Almost a decade has passed since the horrors of canned hunting were first exposed to the world. Brought to our attention with shocking images of caged lions being shot from close range by shameless hunters and their clients, few could have imagined back then that these scenes were in fact not an isolated incident, but rather the beginning of a dark and disgraceful period for South Africa’s wildlife industry. I for one expected these scenes to galvanize the wildlife community, hunting bodies and the authorities to act. Instead, an apparent lack of will (or was it tacit approval in some quarters?) during the ensuing years brought indecision and no clampdown of any sort. Yes, there were official statements of disapproval from DEAT and various hunting bodies, but nothing concrete and constructive to stop the industry flourishing into a multi million dollar one. Emboldened by this display of inertia, a second horror began unfolding. Those involved began establishing large breeding facilities and farms, predominately in the provinces of Free State, Limpopo, North West and Gauteng, to supply the trophy hunters and the animal traders with a sufficient number of captive bred predators.

I have been closely monitoring these industries over the last five years, much of which has been reported through this magazine. It has been an awful task, made all the worse by nagging doubts of whether it would ever be possible to have these practices stopped. Without fail, after leaving every property, my mind would swirl with images of caged predators pacing a maze of wire fencing, and the pack of lies I had just been fed by the owner or guide. The result would be wild swings of reason between absolute outrage and an attempt to understand a chosen livelihood based on an entrenched hunting culture justified by perverse borrowings from the language of conservation and sustainable utilization. Inevitably, I was always left with same conclusion; that of doubting the possibility of any change.

But I now find myself thinking and believing differently. For the first time, and based on the actions and words of Marthinus van Schalkwyk, the Minister of Environmental Affairs and Tourism, I firmly believe there is hope for a full ban on canned hunting and major restrictions to be placed on those wanting to breed large predators. These measures are also likely to be accompanied by stricter regulations governing the hunting industry and the wildlife management industries in general. Why my change in heart? Firstly, Van Schalkwyk has seemingly recognized these industries for what they are, secondly he has accepted that there are major structural, operational and regulatory deficiencies in the hunting industry in general and thirdly, he appointed a ‘Panel of Experts’ earlier this year to review all of the above.

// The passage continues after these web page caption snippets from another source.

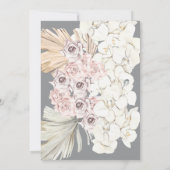 アルティメットパンパスグラスフローラトロピカルグレイ結婚ズ 招待状 (裏面)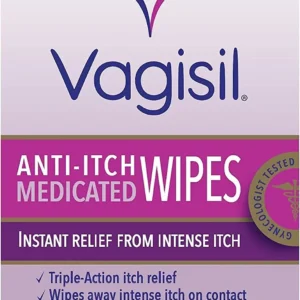 Four packs of Vagisil Medicated Wipes for gentle and effective skin cleaning.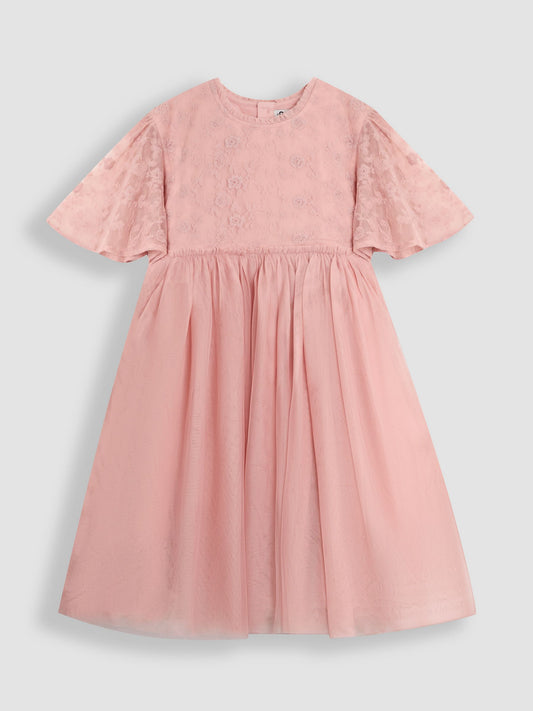 Dsiney Kidz - JoJo Maman Bébé Pink Embroidered Lace Scallop Sleeve Flower Print Girl Dress image 2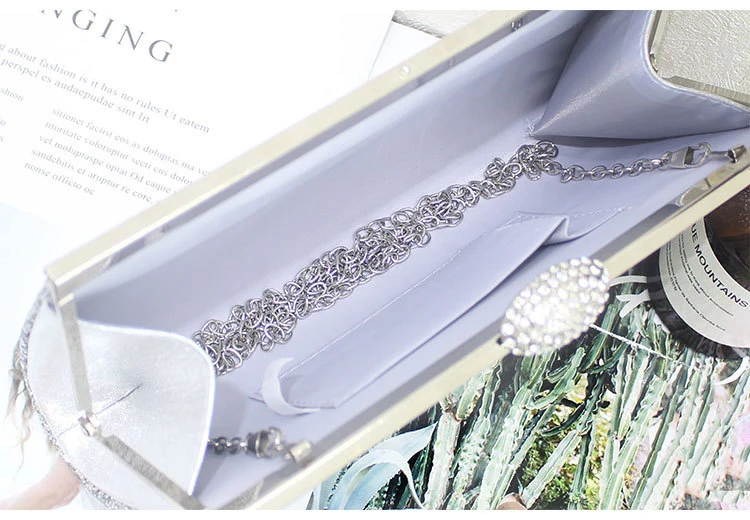 YNSSK Silver Sequin Clutch Bag Inside View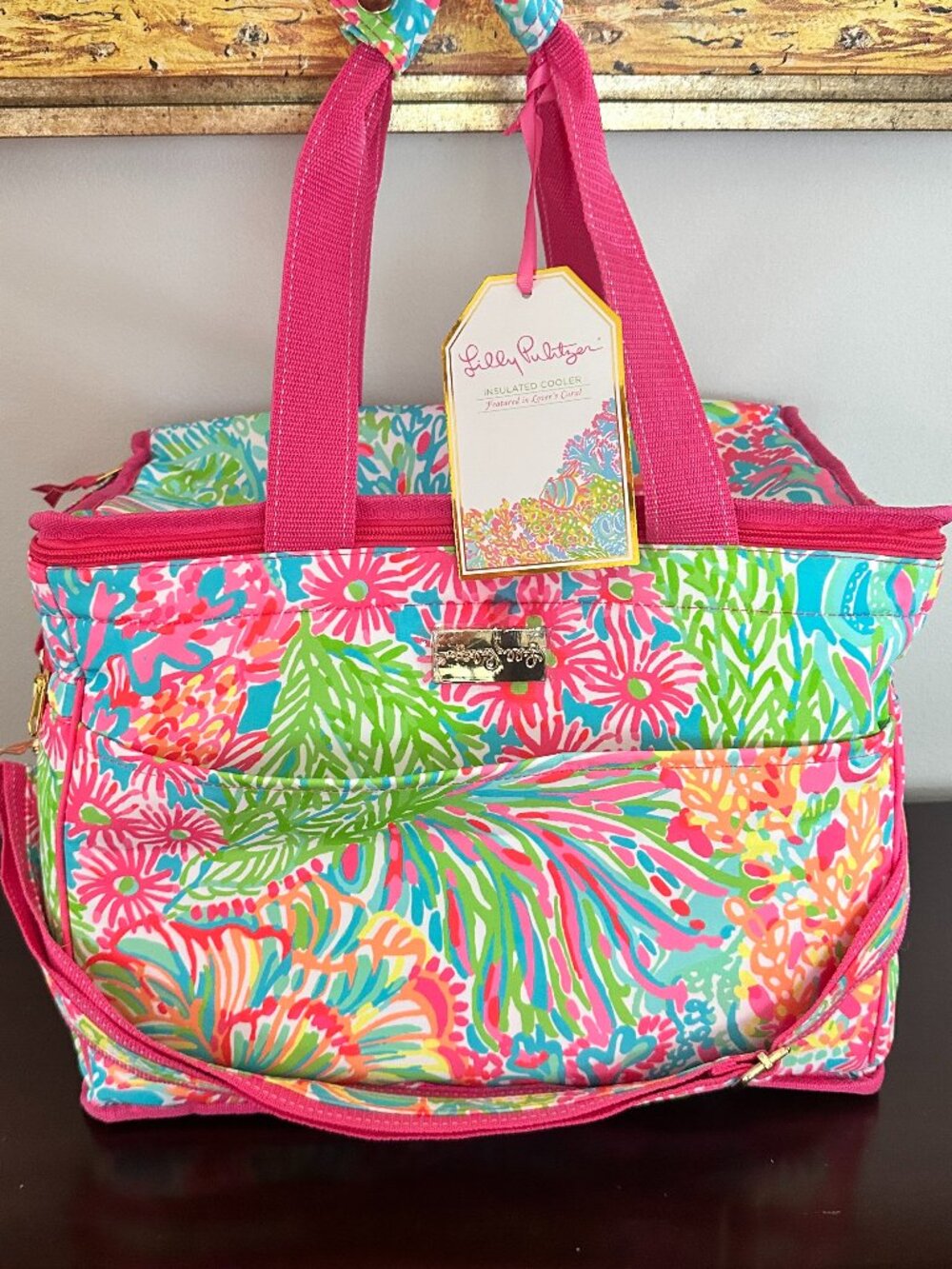 NWT Lilly Pulitzer Insulated Beach Cooler in Lovers Coral 15.5" x 10" x 12"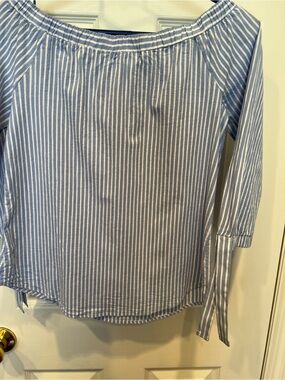 Potter's Pot Light Blue and White Striped Off-Shoulder Top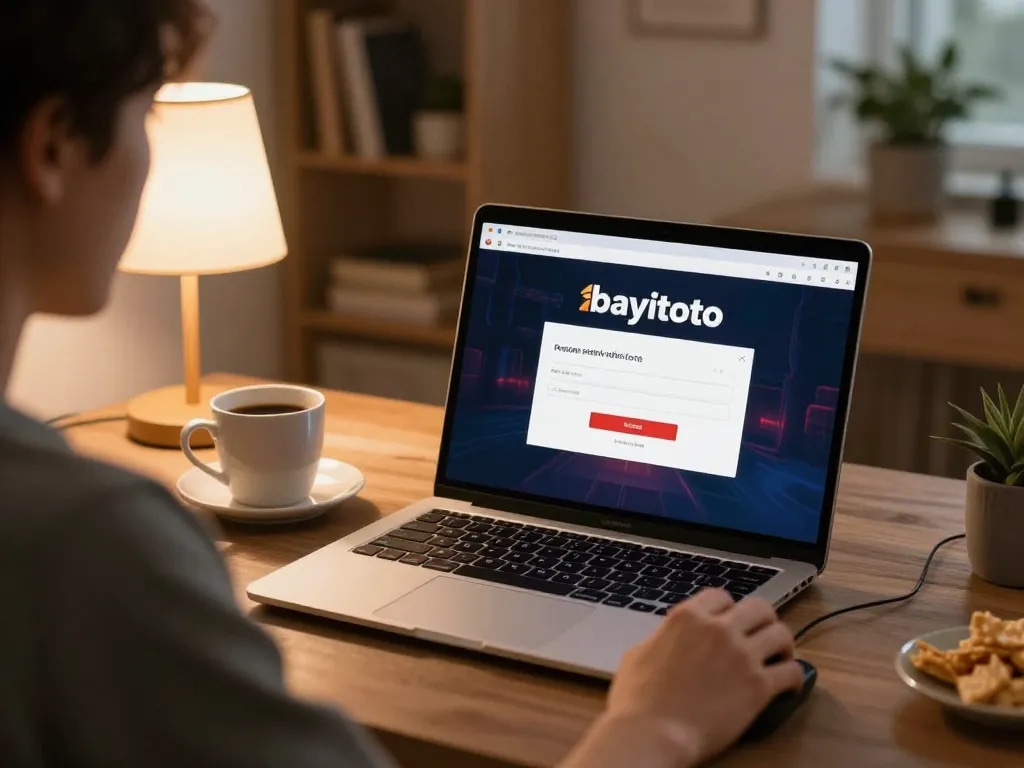 Akses login bayitoto di tengah pengaturan permainan rumah yang nyaman untuk perjudian online.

The Minister must be applauded for taking such a proactive stance, but more importantly, he and the Panel of Experts should now be given full support during this period when the laws and regulations are being formulated. The Panel has completed their work and these findings have been delivered to the Minister for review. With regards to canned hunting and the captive breeding of wildlife, the main recommendations of the panel are as follows:

  • “In general, the practice of hunting captive bred animals should not be allowed”.
  • “The Panel recommends that the Minister place a ban on the import of all alien species for hunting purposes”.
  • “The Panel recommends the prohibition of the translocation of species outside their range zones”.
  • With regards to put-and-take hunting and canned hunting, “the Panel recommends that both these practices should be prohibited as they compromise the principle of fair chase and the humane treatment of animals”.

It needs to be stressed that at this stage these are merely recommendations, and any changes to the law are unlikely until mid year sometime at the earliest. In the interim, there is no doubt that the industry heavyweights will be lobbying government against any bans, and if their activities are heavily curtailed, one can expect a full array of legal threats to be introduced.

While the legal challenges are pressures the government should be able to deal with, there are more serious concerns to begin pondering if an outright ban is to be implemented. What do we do with approximately 3 000 human imprinted lions, 500 cheetah, 250 wild dog, 60 tigers and countless other predators that breeders will surely look to abandon?

Kill the Canned Hunting Industry (2002)

The canned hunting industry has again been in the news lately. For those readers who have not been following the debate, the State President has before him a policy document that awaits his signature. First drafted in 2002, the document aims at legislating the cowardly and abhorrent practice of shooting captive bred animals, mostly large predators, that are kept in cages and confined areas, sometimes drugged and feeding from a bait. The policy has already been approved at various levels of government, including parliament. As it stands, it should not be allowed to receive his signature. There are obvious loopholes – policing the legislation, it does not provide for exotic species, there are weak definitions of what constitutes human-imprinted animals and the lack of public participation amongst others.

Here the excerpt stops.